O Ipê", de Julia d’Paula — uma ascensão poética ao coração do Cerrado
- Marisa Melo
- 27 de set. de 2024
- 2 min de leitura
Atualizado: 9 de abr.

Há pinturas que nos convidam a contemplar, e há aquelas que nos fazem escutar. O Ipê, de Julia d’Paula, parece carregar ambas as forças, como se o tronco robusto e ascendente da árvore nos chamasse para dentro de suas raízes, e ao mesmo tempo, para cima, em direção à luz. A obra, executada em óleo sobre tela com generosas dimensões de 100 x 180 cm, é um gesto de reverência ao bioma do Cerrado, à terra vermelha de Tocantins, à memória que se agarra ao chão e floresce.
Nascida e criada em Palmas, cercada desde a infância por ipês, cajueiros e pequizeiros, Julia d'Paula pinta não apenas o que vê, mas aquilo que sente.
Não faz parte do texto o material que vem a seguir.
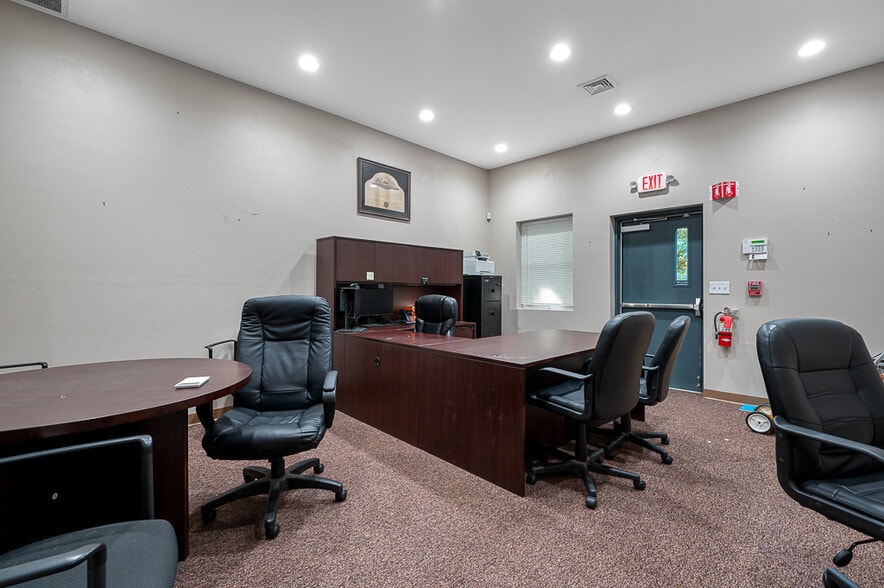 More Photos Of 10 Meadow Rd, Spencer Lodge Meeting Hall For Sale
Há uma intimidade na forma como o tronco do ipê se impõe, como se estivéssemos deitados à sua sombra, olhando para cima, acolhidos. A escolha do ponto de vista nos devolve à infância, àquela perspectiva de encantamento em que tudo parecia maior, mais intenso, mais vivo. E é justamente nesse olhar que reside a força da pintura.
A paleta é vibrante e terrosa, com amarelos intensos que pulsam como pequenos sóis entre as ramagens escuras. O céu, de um azul translúcido, aparece em brechas entre os galhos, como se respirasse junto com a árvore. A textura do tronco, espessa e ondulante, traz a materialidade do tempo, da casca que resiste, da árvore que permanece. O contraste entre os galhos retorcidos e as flores leves revela o movimento da vida, essa dança silenciosa entre resistência e beleza.
Julia d’Paula não pinta um ipê qualquer, ela pinta o Ipê, aquele que a viu crescer, que silenciou suas inquietações, que guardou suas primeiras descobertas. Há em sua obra uma escuta atenta à paisagem, como se cada pincelada fosse uma tentativa de eternizar aquilo que está sempre prestes a passar, como a breve floração de um ipê.
A pintura é, uma celebração, mas também uma lembrança. Uma lembrança daquilo que nos funda, das raízes que não se veem mas sustentam, das árvores que são guardiãs da nossa história. É arte como elo, como pertencimento, como saudade viva em forma de cor.